• **Records for this exercise**:
#####
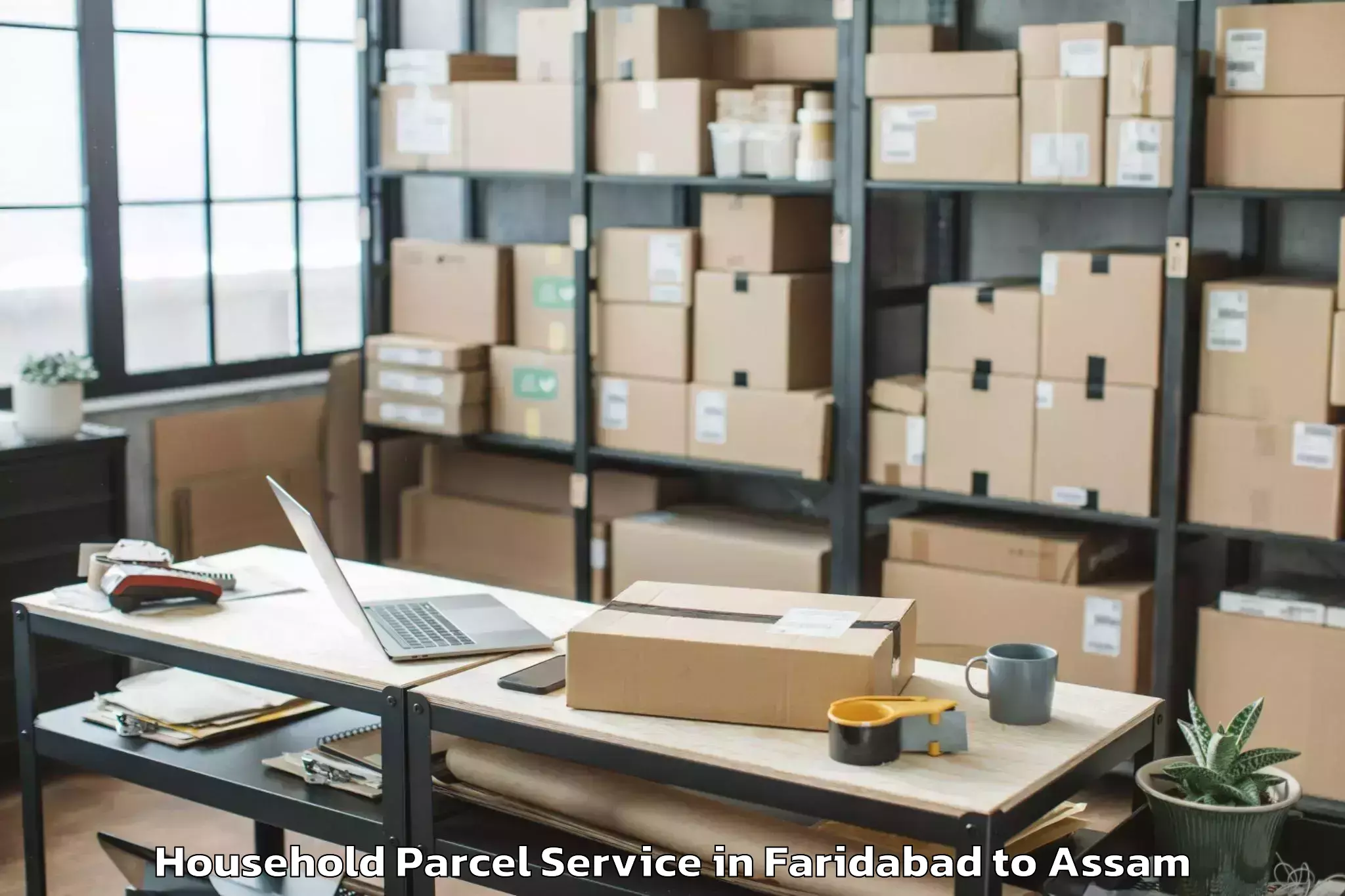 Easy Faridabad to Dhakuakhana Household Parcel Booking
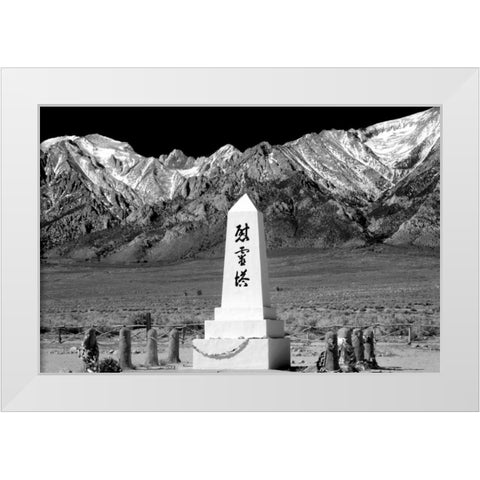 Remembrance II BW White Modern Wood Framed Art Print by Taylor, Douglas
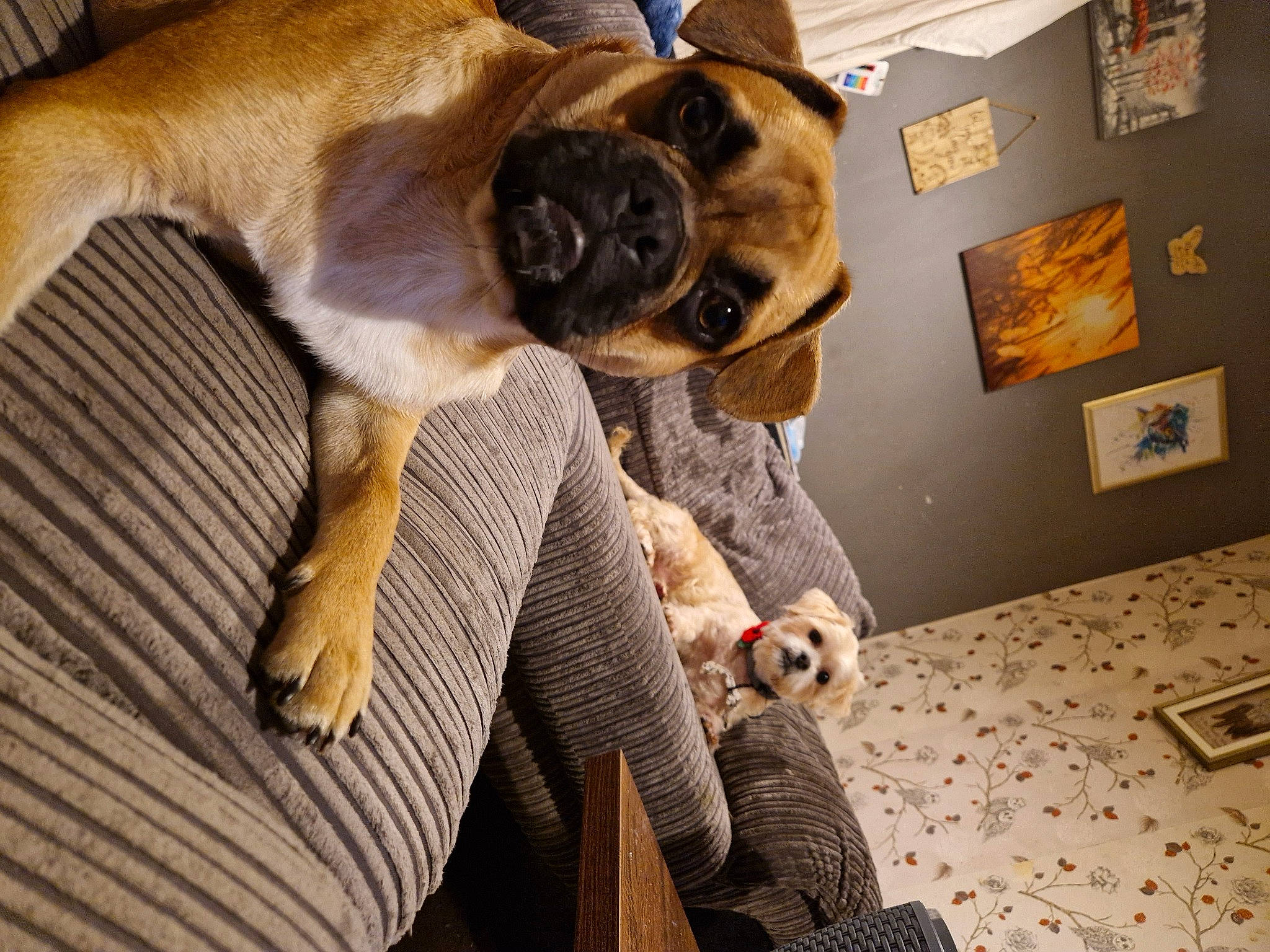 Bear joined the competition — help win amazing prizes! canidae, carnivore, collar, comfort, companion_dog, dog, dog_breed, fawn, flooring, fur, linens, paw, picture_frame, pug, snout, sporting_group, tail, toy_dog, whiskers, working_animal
#####
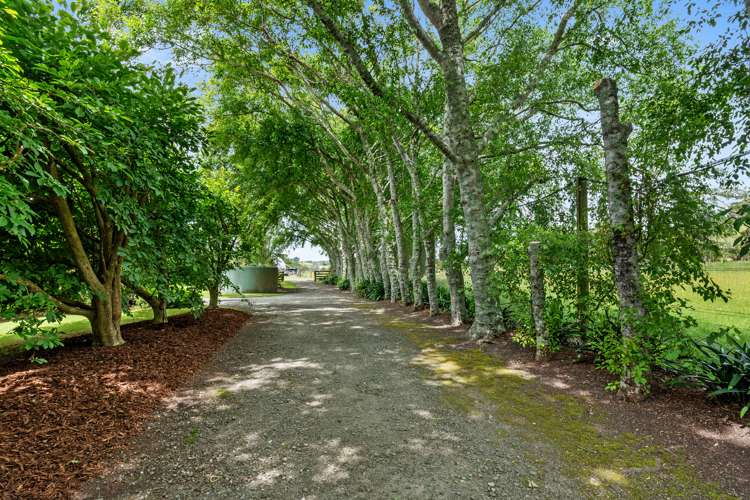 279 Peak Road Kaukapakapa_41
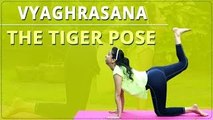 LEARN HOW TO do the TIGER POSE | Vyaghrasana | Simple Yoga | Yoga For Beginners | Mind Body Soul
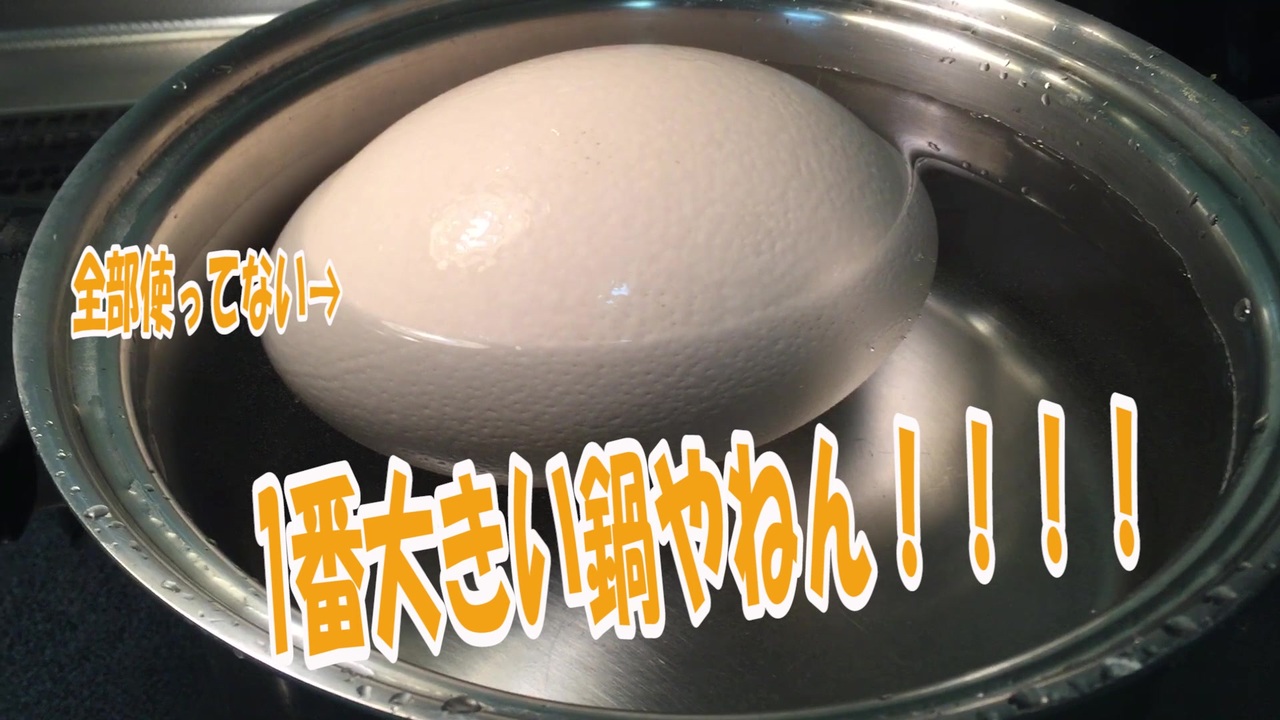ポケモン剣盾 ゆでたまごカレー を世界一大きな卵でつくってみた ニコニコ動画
#####
• **Exercise requirements**: A word-for-word reproduction is needed of the lines above from the line containing "Easy Faridabad to" through the line containing "Bear joined the", with both ends kept and no pictures.

• **Your solution**:
 Easy Faridabad to Dhakuakhana Household Parcel Booking
 Remembrance II BW White Modern Wood Framed Art Print by Taylor, Douglas
 Bear joined the competition — help win amazing prizes! canidae, carnivore, collar, comfort, companion_dog, dog, dog_breed, fawn, flooring, fur, linens, paw, picture_frame, pug, snout, sporting_group, tail, toy_dog, whiskers, working_animal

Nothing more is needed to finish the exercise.